Patrick's optimal strategy is to draw either as the first or as the second one. Peter's optimal strategy is to hold the toothpicks.

Suppose Patrick is drawing as the first one. In this case the probability for him to draw the short toothpick is, obviously, 1/4.

Suppose Paul is drawing as the second one. After Patrick's pick there are only two combinations of toothpicks which can be left for Paul. These are:
a) three long toothpicks;
b) two long toothpicks and one short toothpick.

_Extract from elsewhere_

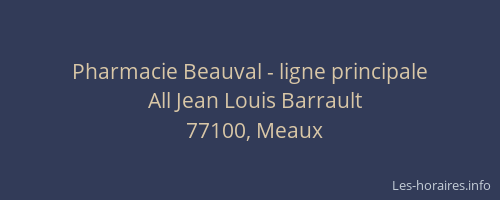 Pharmacie Beauval - ligne principale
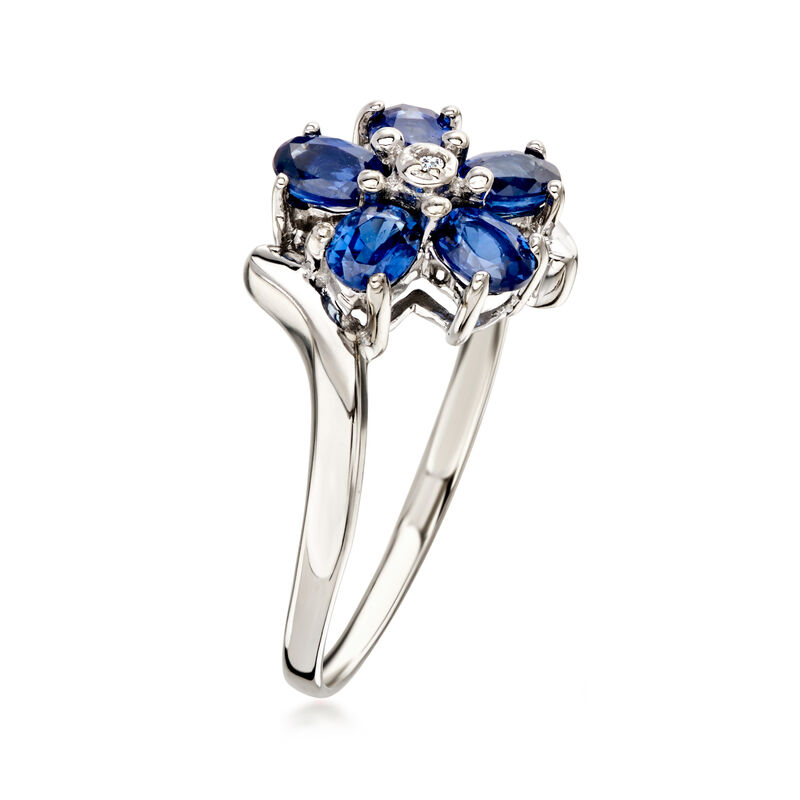 C. 2000 Vintage 1.00 ct. t.w. Sapphire Flower Ring with Single Diamond in 14kt White Gold. Size 7 image number 2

Since Patrick has been drawing from among four toothpicks, the probability for combination a is 1/4 and probability for combination b is 3/4 (1-1/4). In case combination a is true there is a zero probability for Paul to draw the short toothpick (because it has been drawn by Patrick already). In case combination b is true there is a 1/3 probability for Paul to draw the short toothpick. Based on this, the overall probability Paul draws the short toothpick is a combined probability of both combinations:

1/4 x 0 + 3/4 x 1/3 = 1/4 (Paul).

Suppose Phillip is drawing as the third one. After Paul's pick there are only two combinations of toothpicks which can be left for Phillip. These are:
c) two long toothpicks;
d) one long toothpick and one short toothpick.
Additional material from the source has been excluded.